The poem has a clear formal structure - the three-line stanzas have a loose rhyme scheme (“moors/door”, “tune/boom”, “fear/tears” and occasionally an internal rhyme “occur/blur”). The irregular metre is interrupted by many pauses, creating a slow and rather jerky rhythm as of disconnected statements.
The most obvious unifying feature is the way each stanza opens with a statement (a declarative) in a complete short sentence or main clause: “Nobody hurt you”, “Your questions were answered”, “Nobody forced you”, “What you recall are impressions” and “Nobody sent you away”. The last stanza also opens with a short sentence - but this time it is a question: “What does it matter now?”

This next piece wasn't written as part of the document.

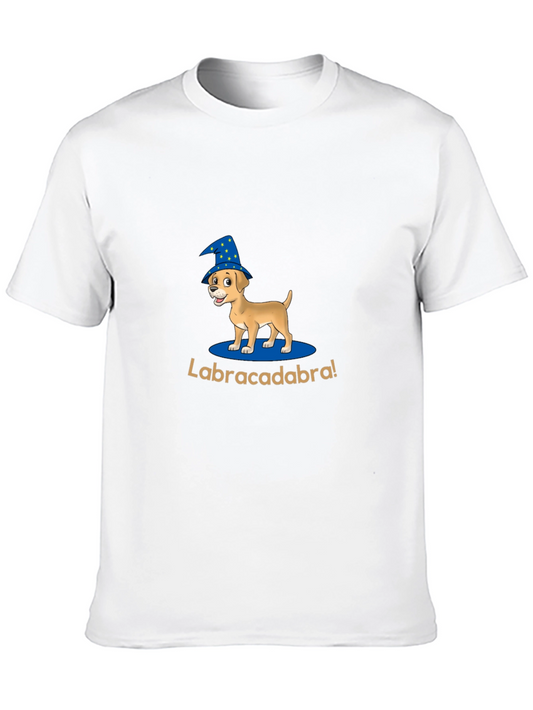 Labracadabra Dog Wizard Graphic Tee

The poem explores the gap between appearance and reality. In almost every case the parent does not dispute that something occurred that the child thought was bad. But the parent claims that the child has misunderstood things or remembered them not quite as they were. Partly the explanation for this is that the child's recollections are subjective “impressions” - which are mistaken or false memories.
The parent's reassurance is unconvincing, for various reasons - such as the way he or she shifts ground: “That didn't occur. You couldn't sing anyway, cared less” or the way the parent claims to know the child's own feelings better than he or she ever did - “you wanted to go that day. Begged” and “people/You seemed to like”.
The ending of the poem is very harrowing - it appears that the child blames the parents for ruining his or her life, while they deny this: “nobody...laid you wide open for Hell.”
Not all families are like the one shown in the poem - and perhaps young people (most of whom may not yet be parents) will see things from the viewpoint of the child whose parent speaks here. But the poem challenges us all, if we are to be parents, to find ways to give the right mixture of freedom and discipline. The poem gives a harsh and cynical view of what childhood may be at its worst - we get a more positive view in Ms. Duffy's In Mrs. Tilscher's Class (not in the Anthology) and . It is far removed from the view or parental love for children in William Blake's Songs of Innocence, but close to the harshest of his Songs of Experience.
- How does this poem present the ideas of denial and self-justification?
- Which, as shown in the poem, is worse - the parents' (past) treatment of their child, or their continuing (present) denial of the truth of what happened?
- Does this poem support the idea that parents are really “older and wiser” than children?
- How might this poem help real parents to be better in caring for children?
- What view of childhood does the poem present? How does this compare with other poems in the Anthology?